• **WHAT TO PRODUCE**: Starting at the first line of the material below and stopping after the line that includes "Saša Kapor došao", write the lines out again exactly. Drop any pictures.

• **DATASET EXTRACT**:
=======

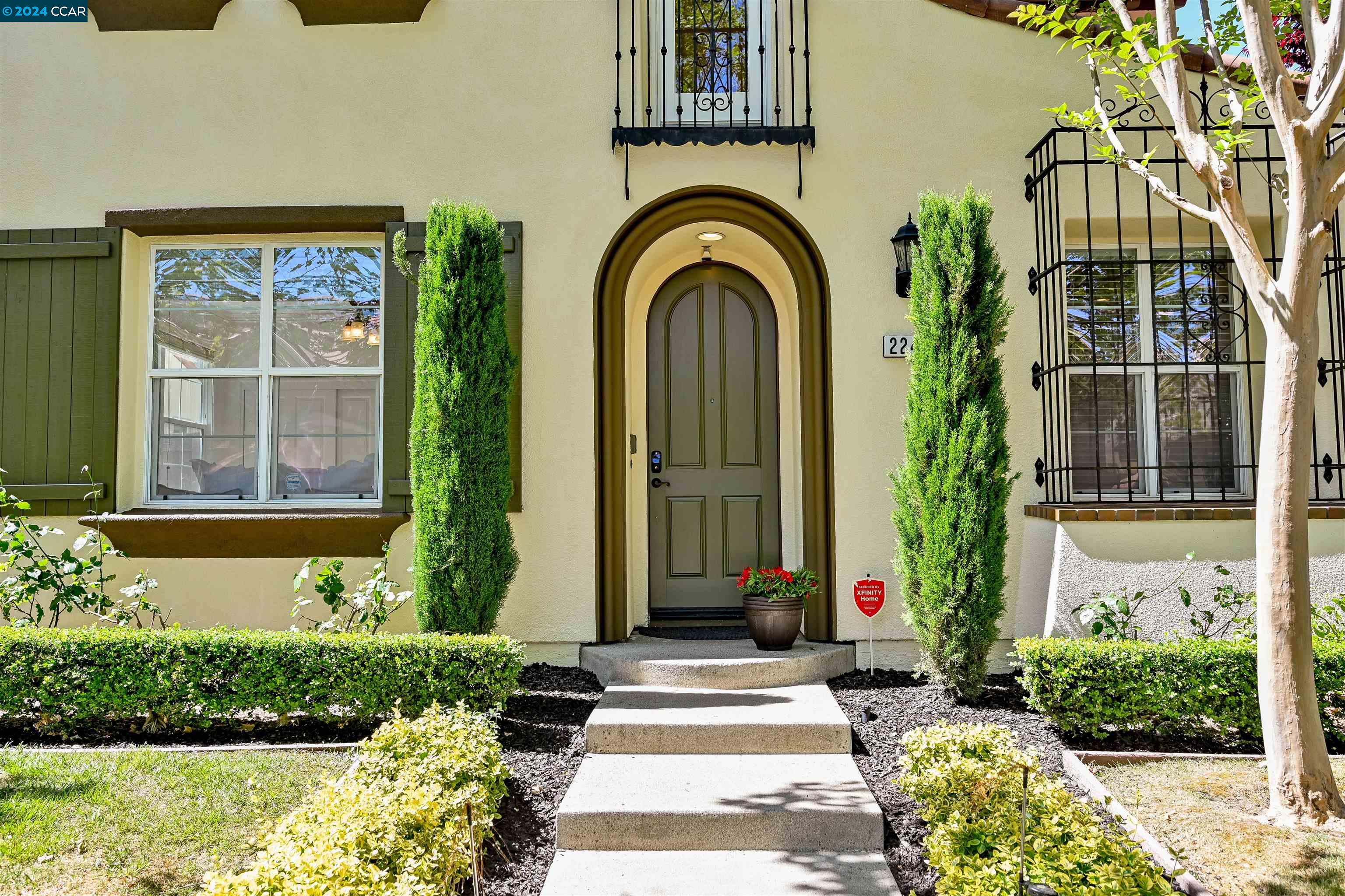 2242 Magnolia Bridge Dr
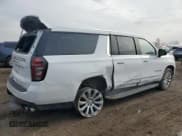 ✅ 2021 Chevrolet Suburban Premier • VIN: 1GNSKFKD5MR319862 • Lot: 81325774. Wystawiony na Copart z przebiegiem 77 831 mil. Bezpłatny archiwum sprzedaży aukcyjnych z USA i szczegółowy raport historii pojazdu na DreamBid. Zdjęcie 3.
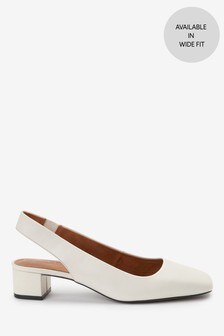 Chaussures avec bride arrière en cuir avec bout carré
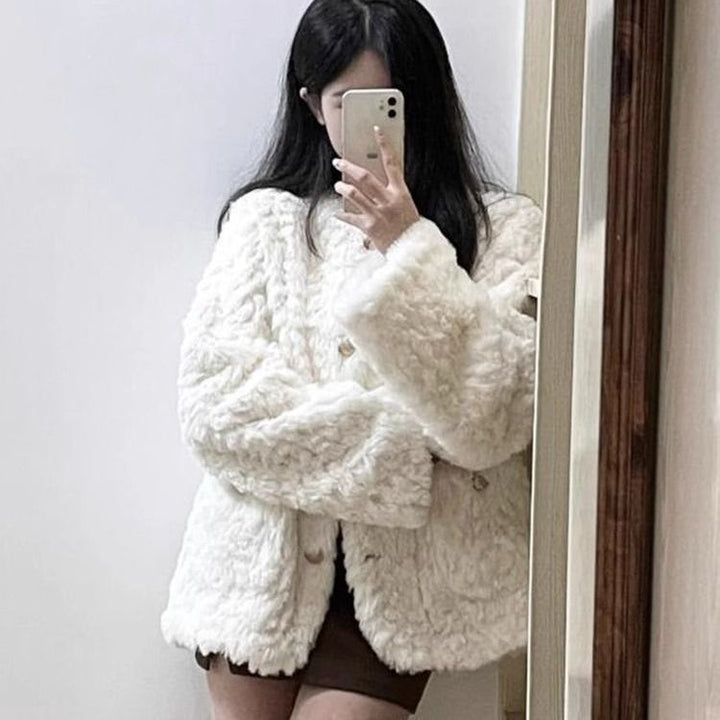 Cardigan féminin à la mode avec peluche douce et boutons décoratifs Chic & Stil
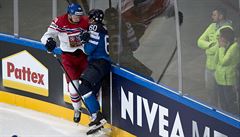 MS v hokeji 2017, Finsko vs. esko: Tomá Zohorna a Julius Honka.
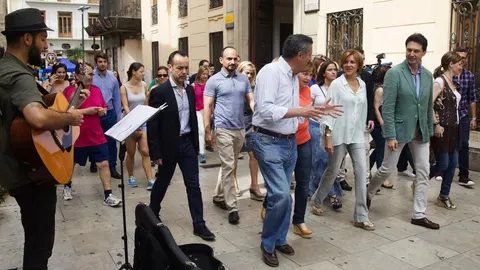 La secretaria general del PP, María Dolores de Cospedal (2ªd), durante su paseo por Valencia.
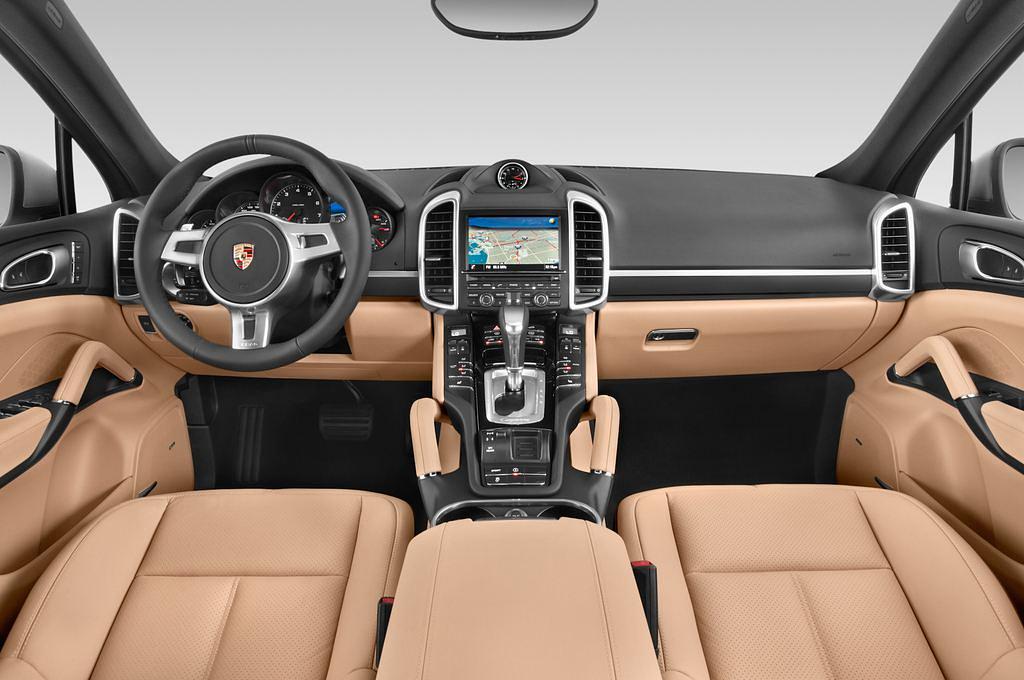 Porsche Cayenne (Baujahr 2015) 4WD AT 5 Türen Cockpit und Innenraum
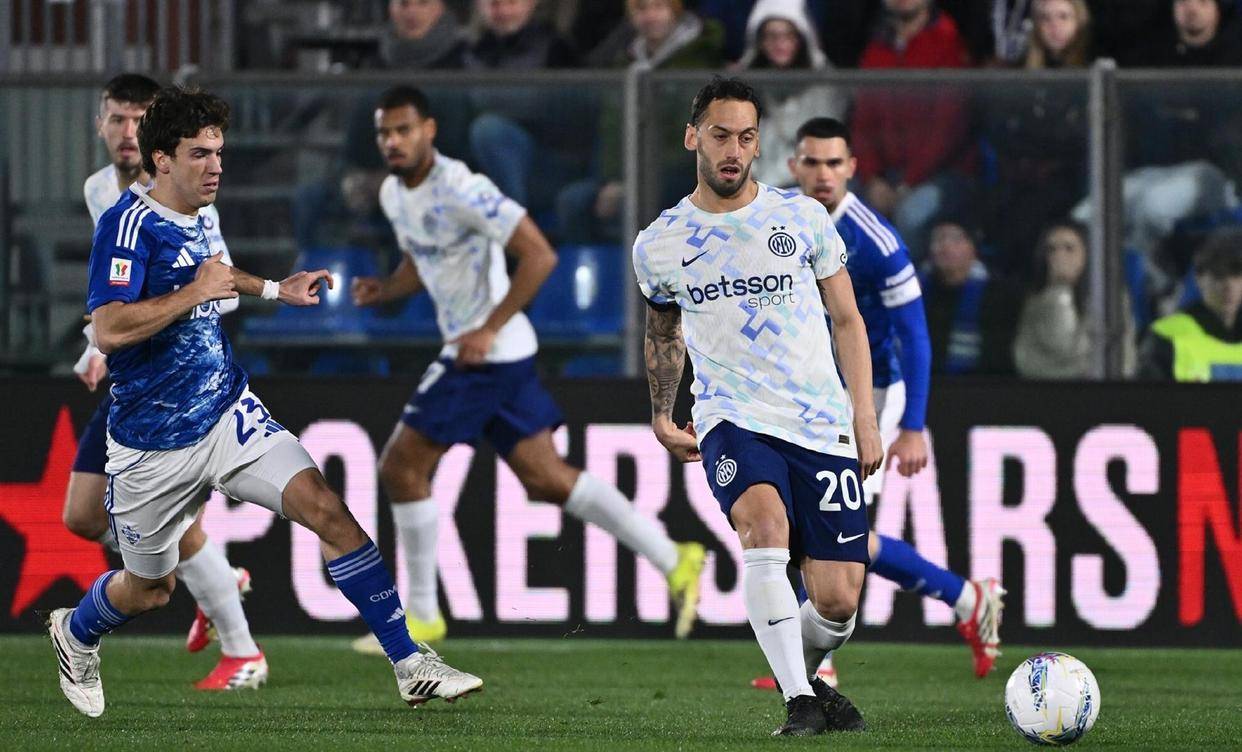 การต่อสู้ที่น่าเกลียดที่สุด! อินเตอร์ มิลาน ประกาศทั้งที่จำเป็นและจำเป็นในสงครามแปดปี และการไม่รวมตัวเป็นสาเหตุของการล่มสลายของฟุตบอลอิตาลี! _ บาสโทนี_competition_komo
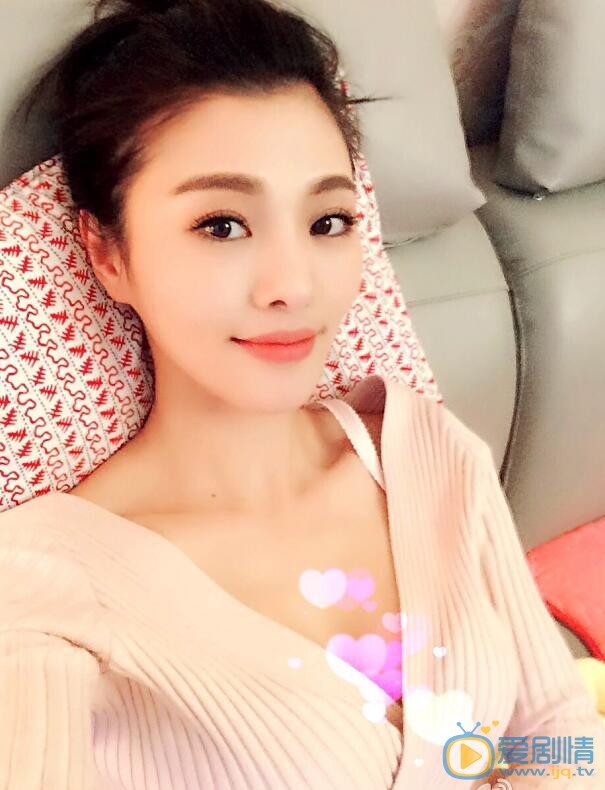 郑清文素颜照 郑清文高清写真_郑清文高清剧照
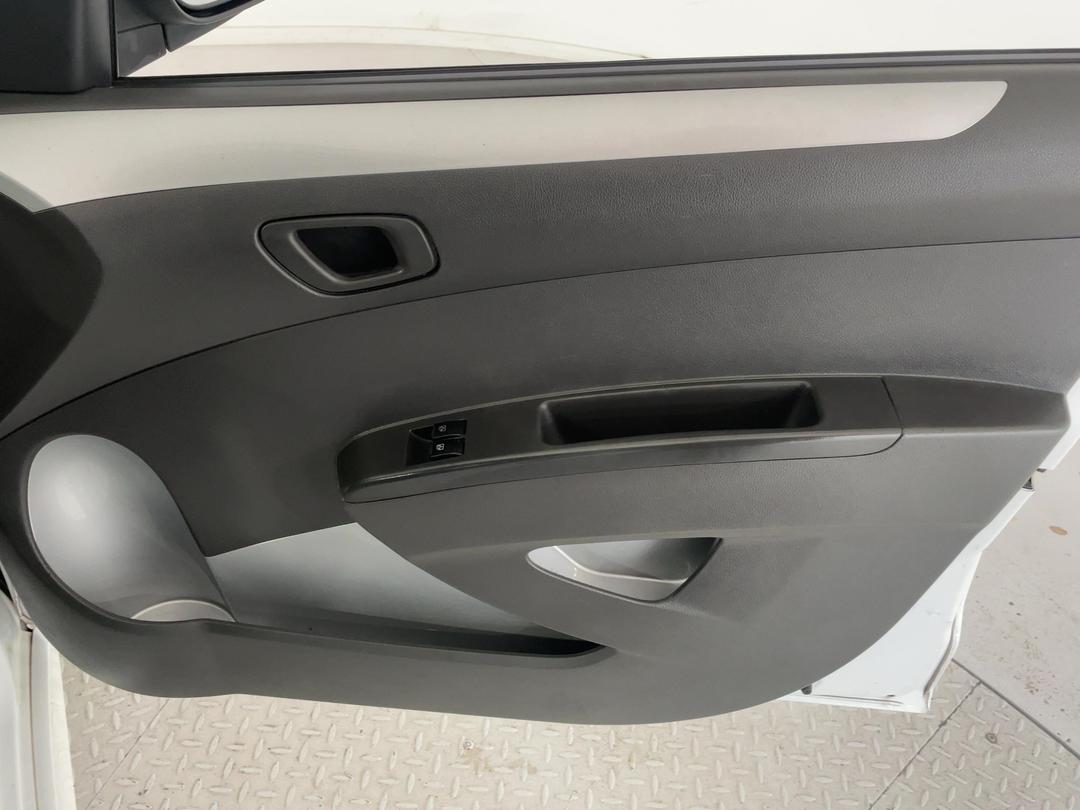 Photo '15' of Holden Barina Spark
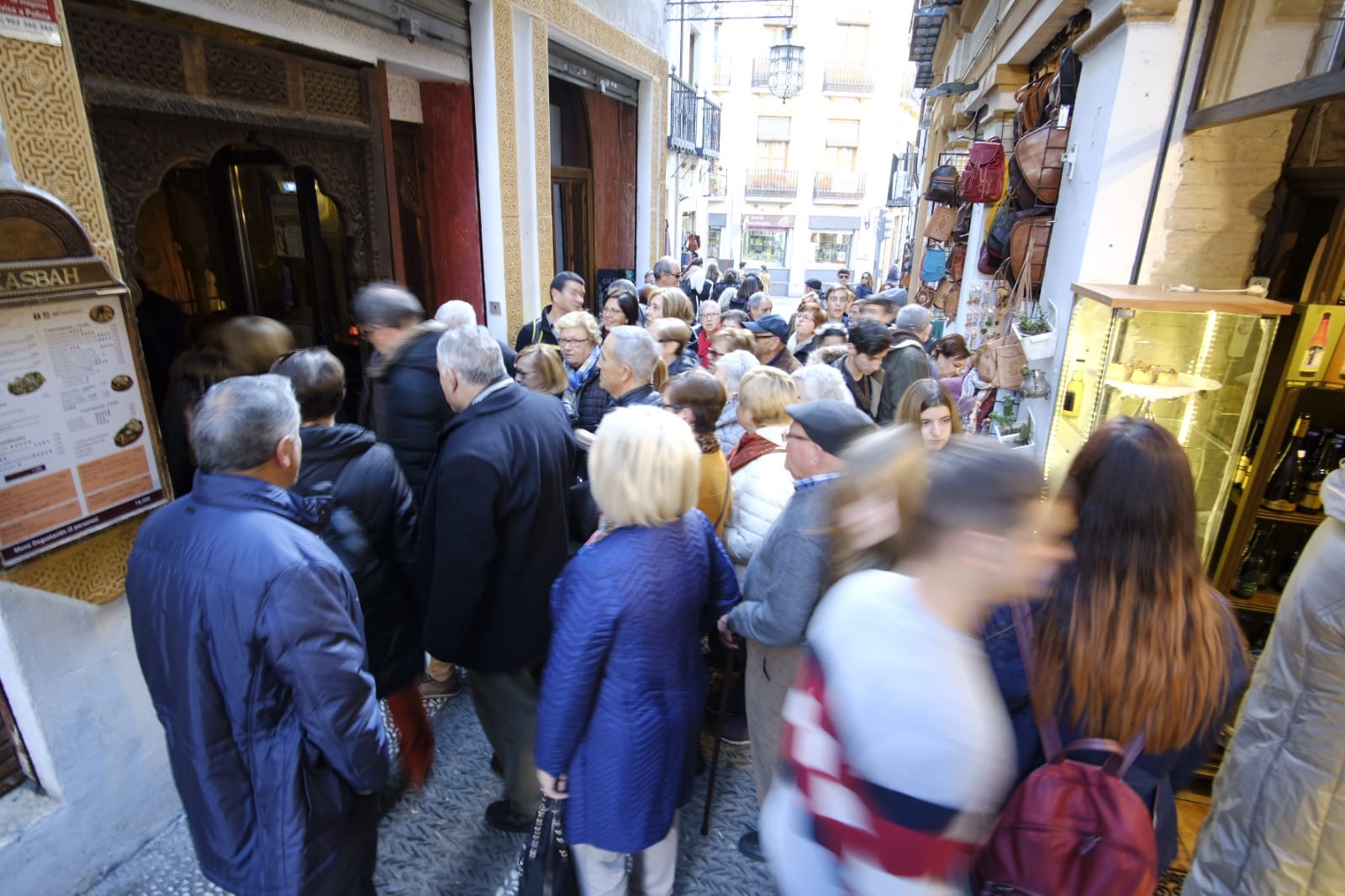 Tras la entrada en vigor de la ordenanza y unos cuantos meses después se respetó, pero la 'picaresca' de los comerciantes ha hecho que se recupere poco a poco la imagen anterior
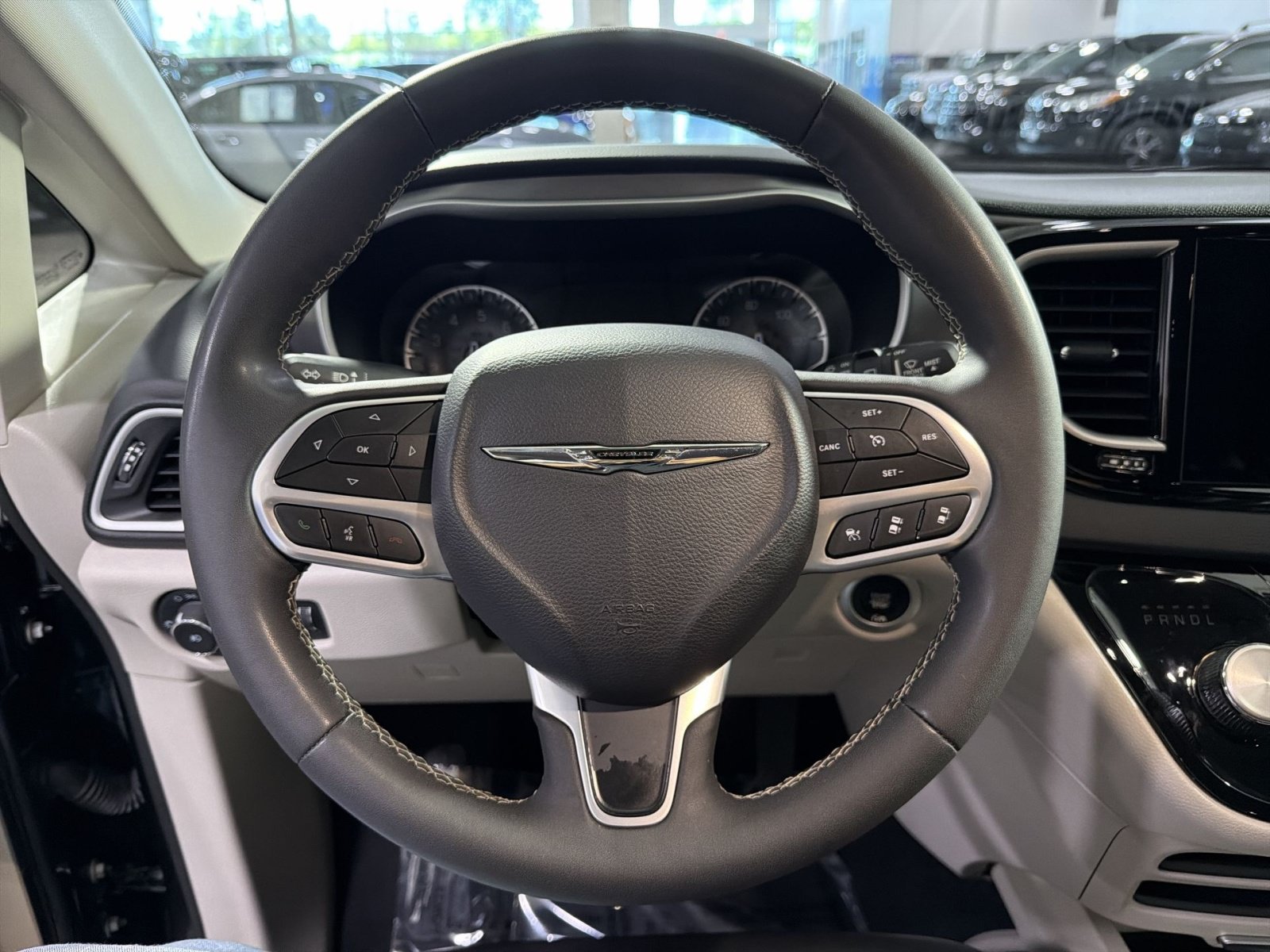 Used 2023 Chrysler Pacifica Touring-L FWD image 25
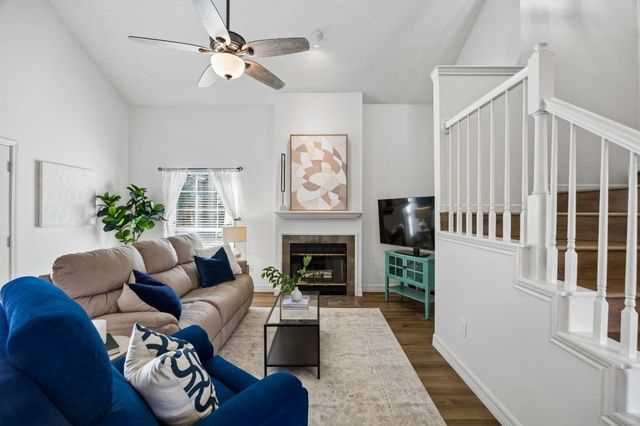217 Cimarron Trail 5, Irving, TX 75063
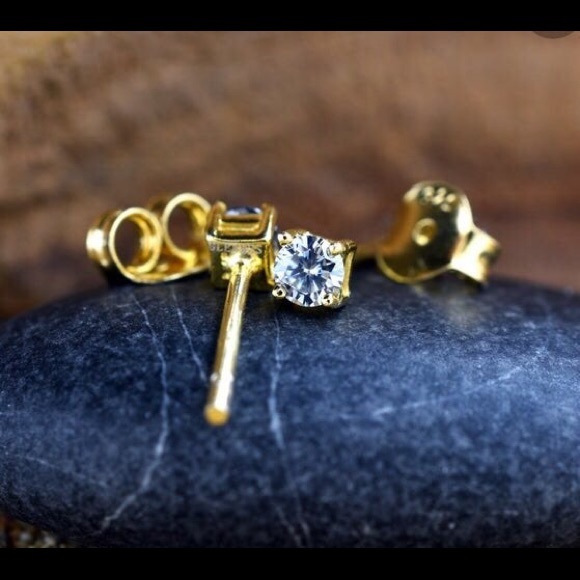 18k Yellow Gold Diamond Stud Earrings - Picture 4 of 7
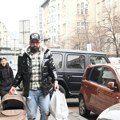 Saša Kapor došao po Nikolinu i sina u porodilište Pevač nosi nosiljku i stvari za mamu i bebu: "Uzbuđen sam i dalje"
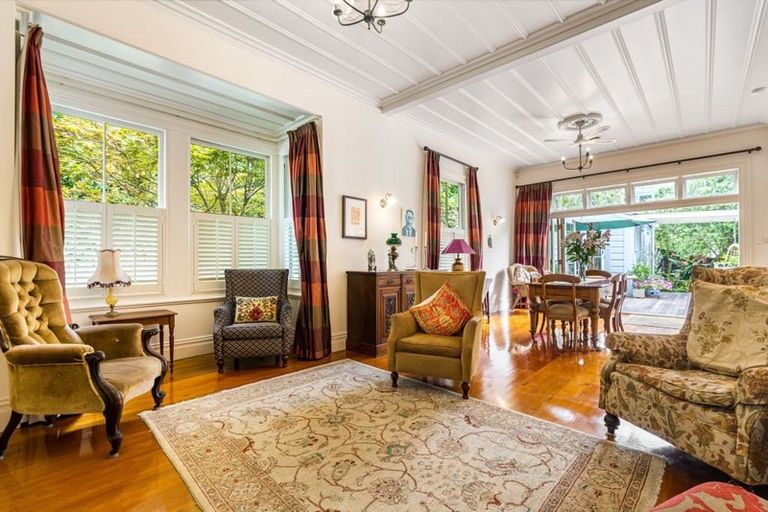 Photo of property in 1 Kapai Road, Devonport, Auckland, 0624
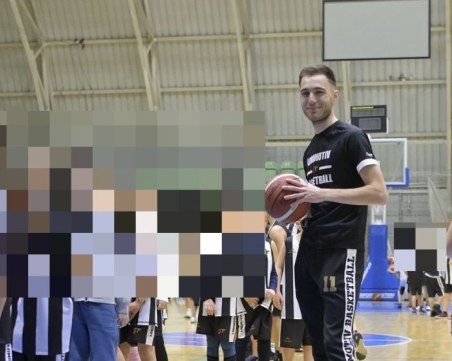 Преподавателят, задържан за блудство със своя ученичка, уволнен и от ДЮШ на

=======

• **TASK SOLUTION**:
 2242 Magnolia Bridge Dr
 ✅ 2021 Chevrolet Suburban Premier • VIN: 1GNSKFKD5MR319862 • Lot: 81325774. Wystawiony na Copart z przebiegiem 77 831 mil. Bezpłatny archiwum sprzedaży aukcyjnych z USA i szczegółowy raport historii pojazdu na DreamBid. Zdjęcie 3.
 Chaussures avec bride arrière en cuir avec bout carré
 Cardigan féminin à la mode avec peluche douce et boutons décoratifs Chic & Stil
 MS v hokeji 2017, Finsko vs. esko: Tomá Zohorna a Julius Honka.
 La secretaria general del PP, María Dolores de Cospedal (2ªd), durante su paseo por Valencia.
 Porsche Cayenne (Baujahr 2015) 4WD AT 5 Türen Cockpit und Innenraum
 การต่อสู้ที่น่าเกลียดที่สุด! อินเตอร์ มิลาน ประกาศทั้งที่จำเป็นและจำเป็นในสงครามแปดปี และการไม่รวมตัวเป็นสาเหตุของการล่มสลายของฟุตบอลอิตาลี! _ บาสโทนี_competition_komo
 郑清文素颜照 郑清文高清写真_郑清文高清剧照
 Photo '15' of Holden Barina Spark
 Tras la entrada en vigor de la ordenanza y unos cuantos meses después se respetó, pero la 'picaresca' de los comerciantes ha hecho que se recupere poco a poco la imagen anterior
 Used 2023 Chrysler Pacifica Touring-L FWD image 25
217 Cimarron Trail 5, Irving, TX 75063
 18k Yellow Gold Diamond Stud Earrings - Picture 4 of 7
 Saša Kapor došao po Nikolinu i sina u porodilište Pevač nosi nosiljku i stvari za mamu i bebu: "Uzbuđen sam i dalje"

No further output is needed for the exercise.